### What to produce
Transcribe only the lines of the listing below from the one holding "Jandorf 61508 Grommet, 5/8" through the one holding "Handcrafted Green Ceramic", inclusive, without any change.

### Dataset extract
────────────────────────────────────────

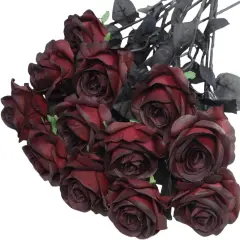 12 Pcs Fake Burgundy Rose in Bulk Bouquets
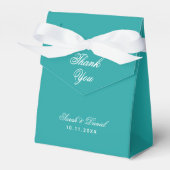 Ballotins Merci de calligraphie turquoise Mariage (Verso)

────────────────────────────────────────

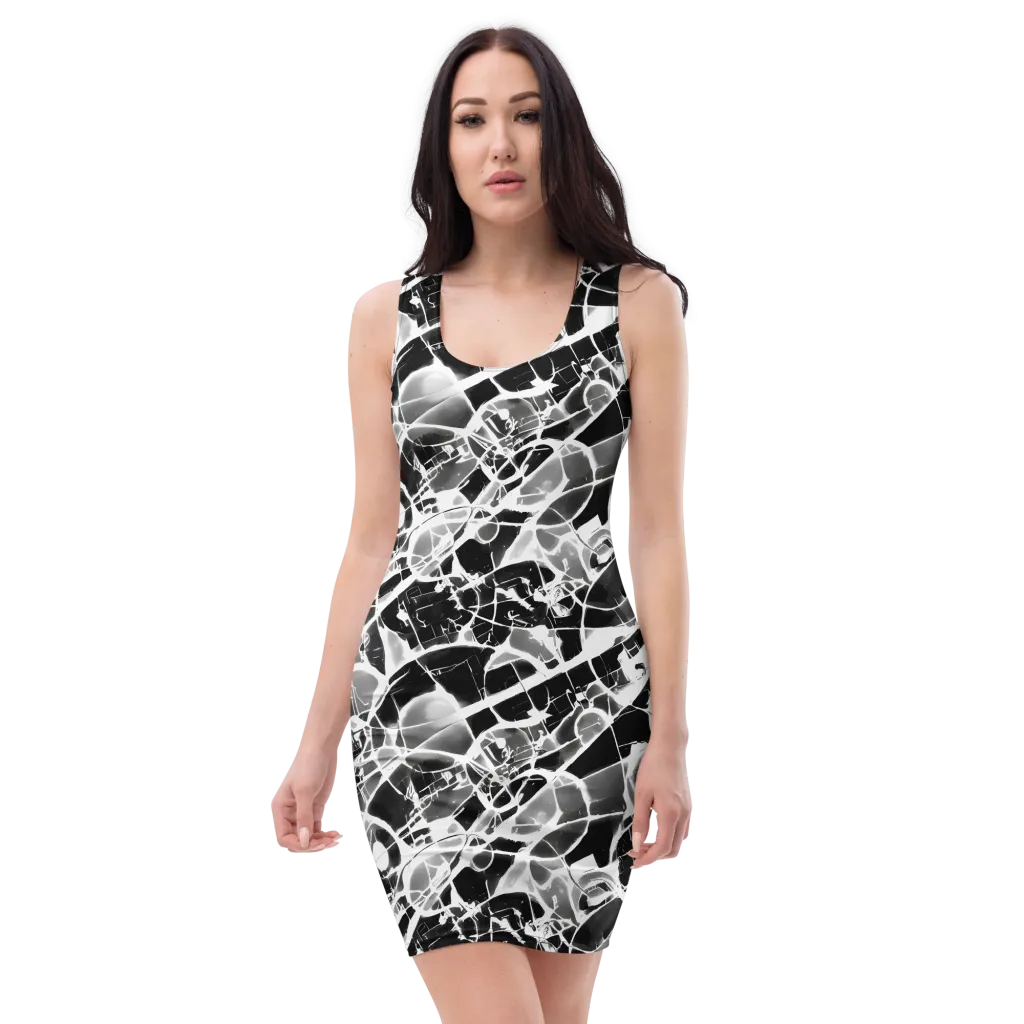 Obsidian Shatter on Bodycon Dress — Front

────────────────────────────────────────

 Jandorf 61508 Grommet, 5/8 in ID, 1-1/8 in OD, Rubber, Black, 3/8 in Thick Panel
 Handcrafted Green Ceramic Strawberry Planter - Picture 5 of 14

────────────────────────────────────────

### Your response
 Jandorf 61508 Grommet, 5/8 in ID, 1-1/8 in OD, Rubber, Black, 3/8 in Thick Panel
 Handcrafted Green Ceramic Strawberry Planter - Picture 5 of 14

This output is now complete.